Could you repeat the entries below exactly, but only from the line with "And then go" through the line with "All right, here's", and without any picture?
*** Records supplied Section Begins ***
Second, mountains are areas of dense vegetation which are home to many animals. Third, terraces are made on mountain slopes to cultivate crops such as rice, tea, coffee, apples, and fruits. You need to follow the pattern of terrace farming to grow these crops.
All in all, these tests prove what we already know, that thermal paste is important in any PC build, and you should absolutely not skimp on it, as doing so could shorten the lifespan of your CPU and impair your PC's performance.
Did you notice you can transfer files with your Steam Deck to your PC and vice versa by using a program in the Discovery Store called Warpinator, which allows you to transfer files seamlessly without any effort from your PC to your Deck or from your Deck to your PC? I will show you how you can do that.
*** Records supplied Section Ends ***
*** Records supplied Section Begins ***
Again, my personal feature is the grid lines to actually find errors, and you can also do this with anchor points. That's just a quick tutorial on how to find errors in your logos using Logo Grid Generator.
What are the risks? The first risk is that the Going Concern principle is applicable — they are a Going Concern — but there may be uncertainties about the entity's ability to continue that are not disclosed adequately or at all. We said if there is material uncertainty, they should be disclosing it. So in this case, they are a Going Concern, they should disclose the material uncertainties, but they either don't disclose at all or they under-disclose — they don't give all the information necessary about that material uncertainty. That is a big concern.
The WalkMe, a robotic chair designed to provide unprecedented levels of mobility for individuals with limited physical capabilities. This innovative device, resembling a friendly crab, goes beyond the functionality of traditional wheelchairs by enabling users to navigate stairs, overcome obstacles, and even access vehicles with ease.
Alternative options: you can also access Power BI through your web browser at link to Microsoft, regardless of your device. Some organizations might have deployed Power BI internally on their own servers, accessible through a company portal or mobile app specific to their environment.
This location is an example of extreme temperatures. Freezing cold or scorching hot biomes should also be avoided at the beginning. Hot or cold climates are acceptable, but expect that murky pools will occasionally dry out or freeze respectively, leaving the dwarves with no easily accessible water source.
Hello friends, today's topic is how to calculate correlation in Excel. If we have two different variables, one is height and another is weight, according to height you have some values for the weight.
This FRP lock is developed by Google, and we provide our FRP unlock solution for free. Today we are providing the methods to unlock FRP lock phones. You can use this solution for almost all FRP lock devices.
*** Records supplied Section Ends ***
*** Records supplied Section Begins ***
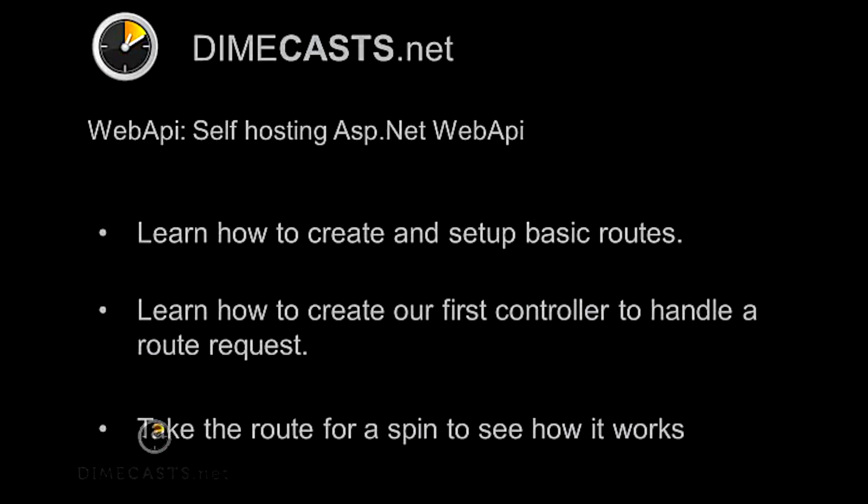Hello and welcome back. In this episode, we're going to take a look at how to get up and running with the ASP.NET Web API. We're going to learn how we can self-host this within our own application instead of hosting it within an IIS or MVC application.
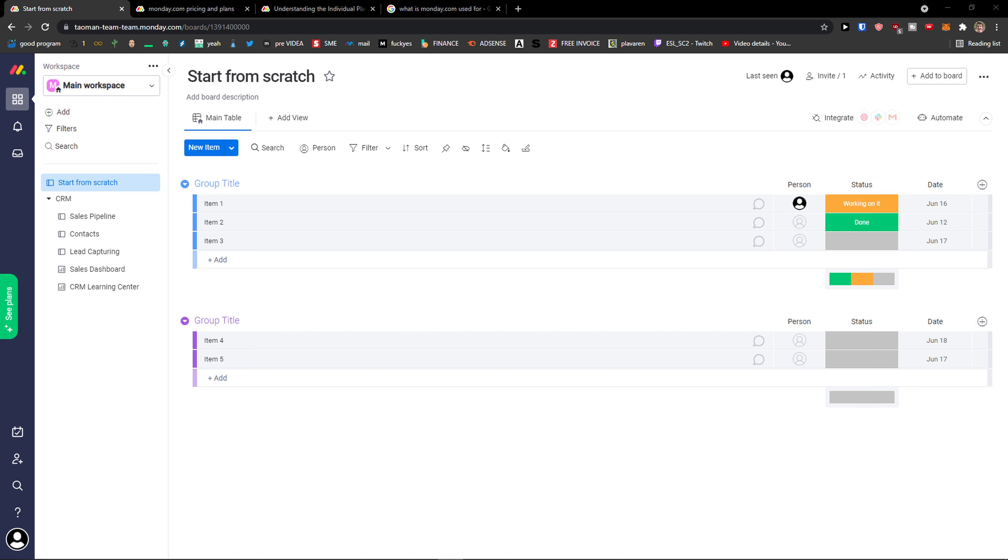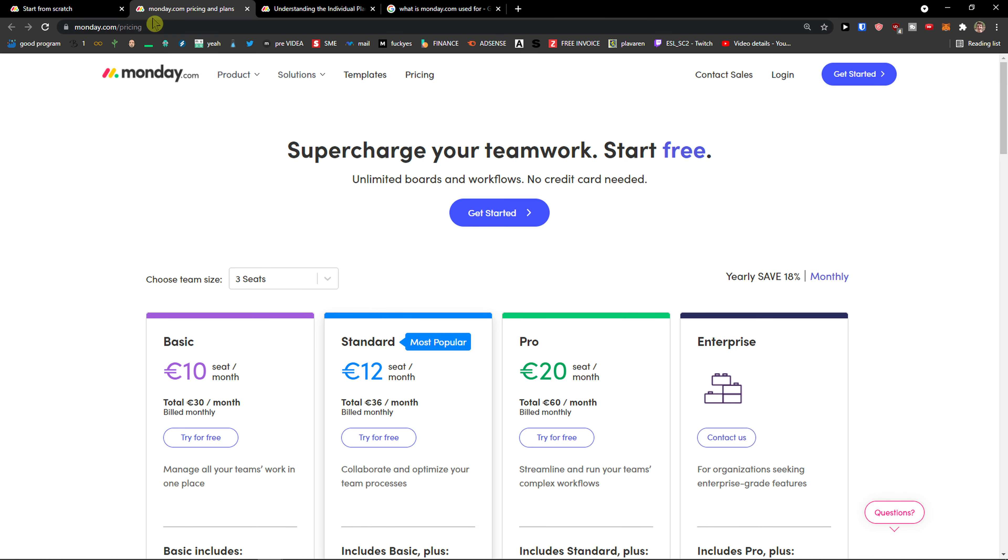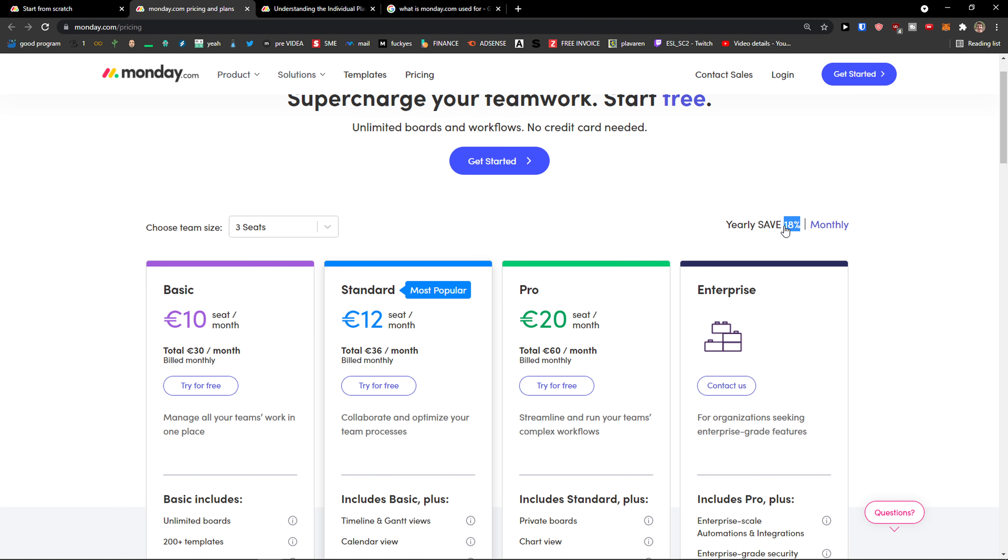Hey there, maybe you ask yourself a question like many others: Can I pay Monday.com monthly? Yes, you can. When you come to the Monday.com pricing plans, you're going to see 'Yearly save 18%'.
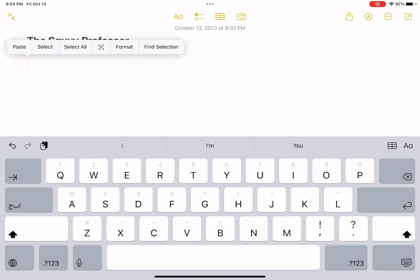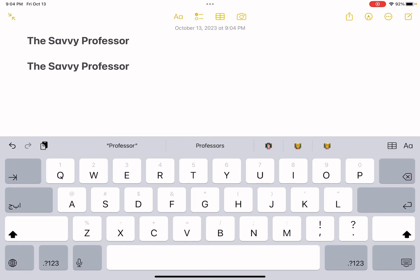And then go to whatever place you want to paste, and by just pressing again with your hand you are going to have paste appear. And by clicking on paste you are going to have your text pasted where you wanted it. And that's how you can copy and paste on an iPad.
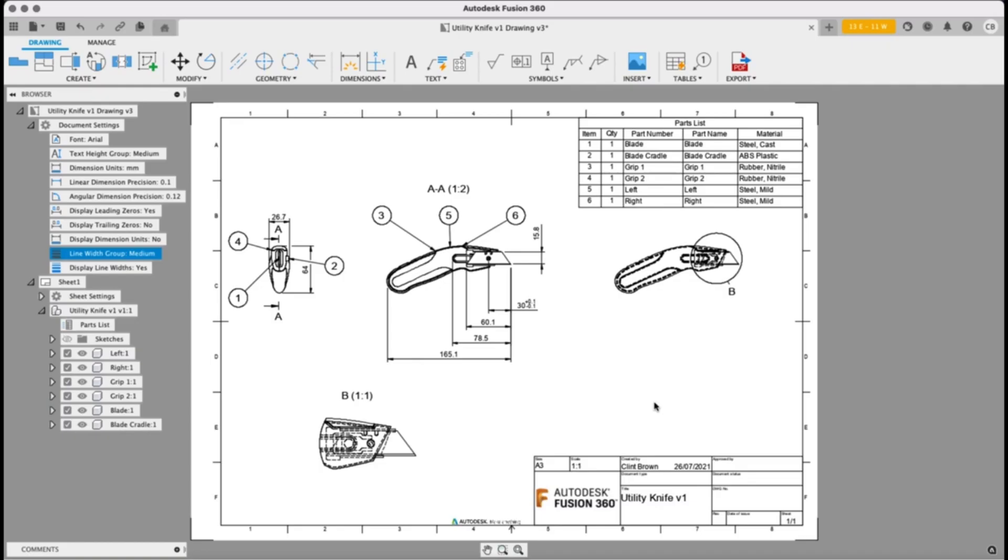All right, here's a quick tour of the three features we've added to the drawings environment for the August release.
*** Records supplied Section Ends ***
Solution:
And then go to whatever place you want to paste, and by just pressing again with your hand you are going to have paste appear. And by clicking on paste you are going to have your text pasted where you wanted it. And that's how you can copy and paste on an iPad.
All right, here's a quick tour of the three features we've added to the drawings environment for the August release.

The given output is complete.